EXERCISE: Leave out every picture, and restate word for word only the lines from the one containing "Stīvs Džobss parakstīja" through the end of the material.

*** SUPPLIED RECORDS Section Begins ***

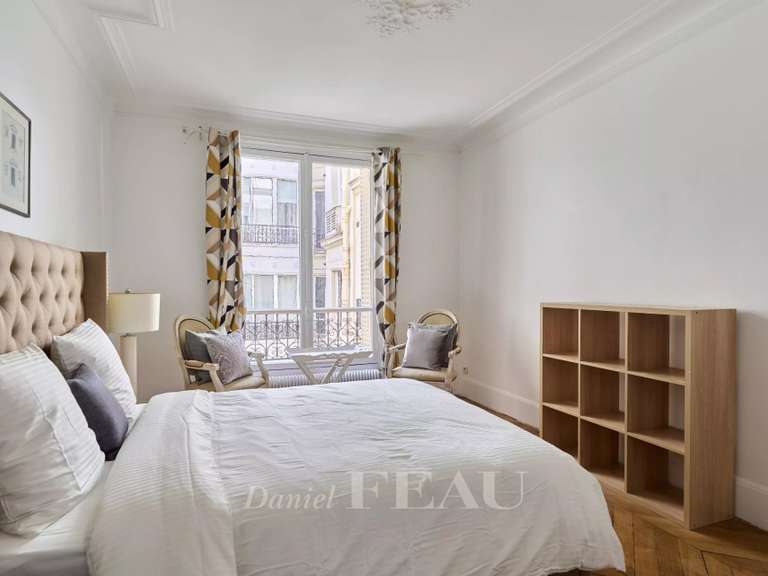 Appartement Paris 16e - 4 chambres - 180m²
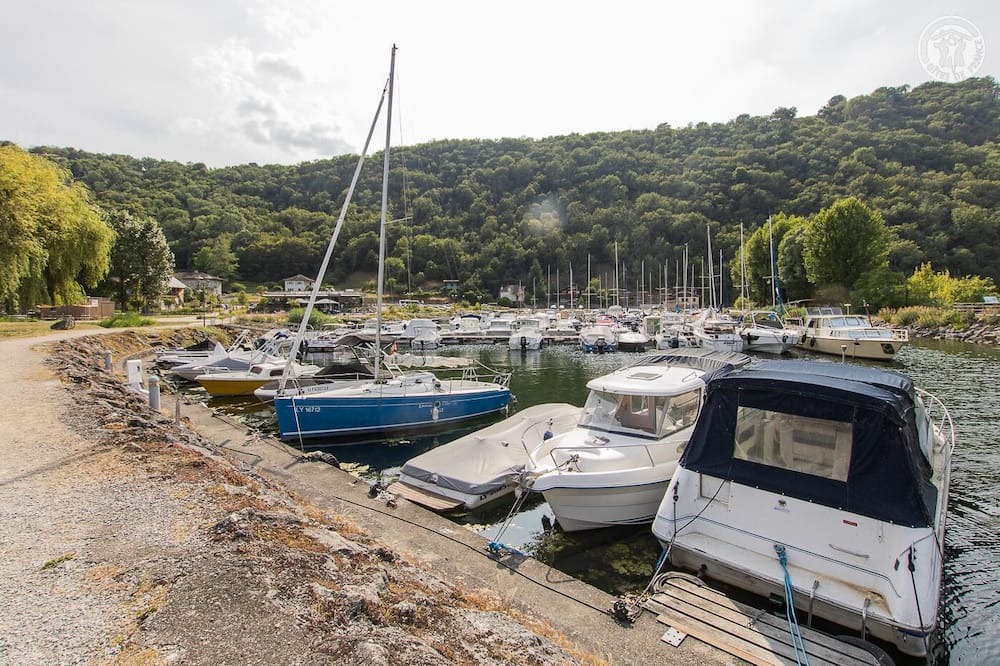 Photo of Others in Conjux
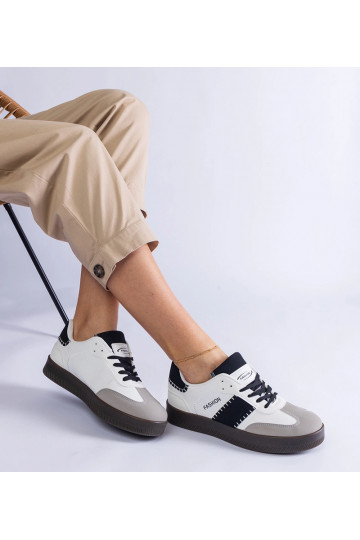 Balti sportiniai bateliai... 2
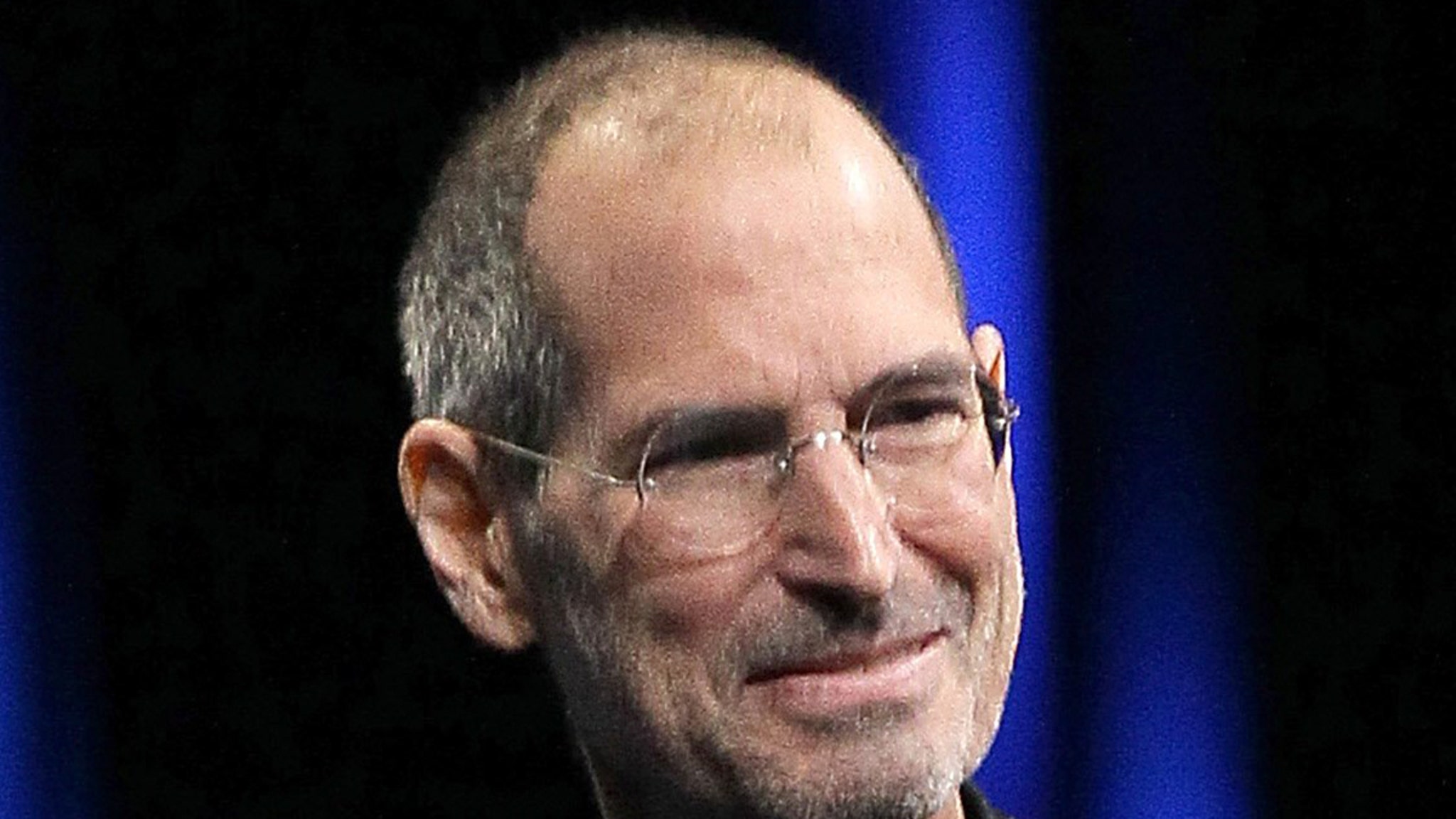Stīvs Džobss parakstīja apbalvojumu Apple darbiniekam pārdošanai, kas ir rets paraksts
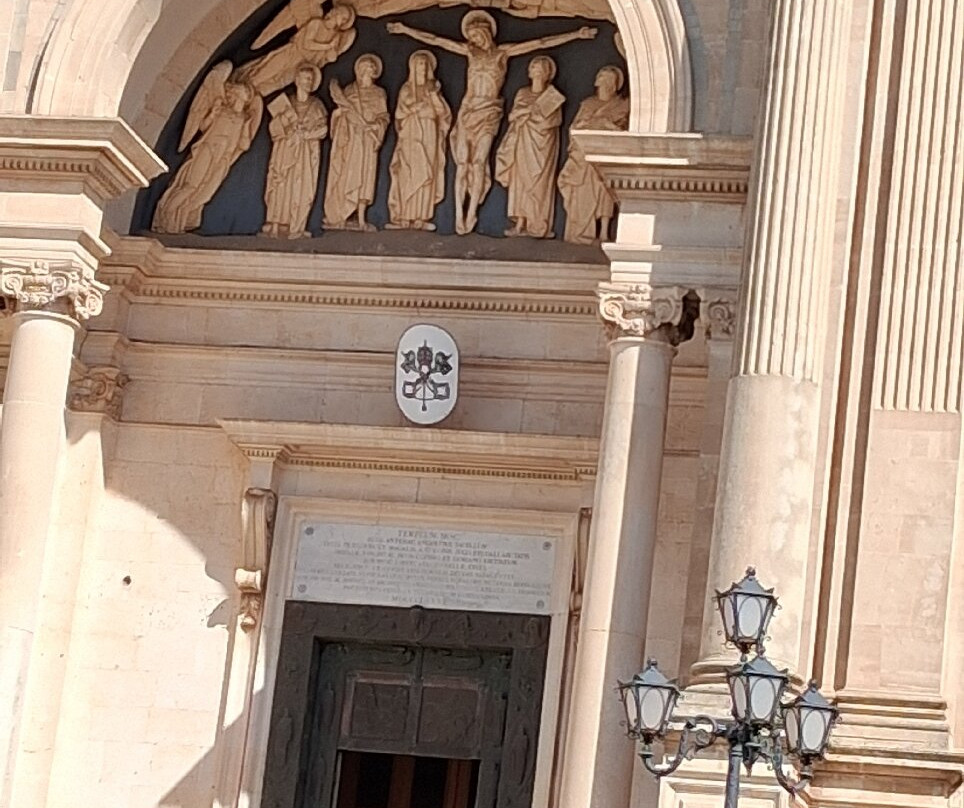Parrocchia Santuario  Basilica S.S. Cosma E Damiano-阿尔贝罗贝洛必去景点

*** SUPPLIED RECORDS Section Ends ***

RESULT OF THE TASK:
Stīvs Džobss parakstīja apbalvojumu Apple darbiniekam pārdošanai, kas ir rets paraksts
Parrocchia Santuario  Basilica S.S. Cosma E Damiano-阿尔贝罗贝洛必去景点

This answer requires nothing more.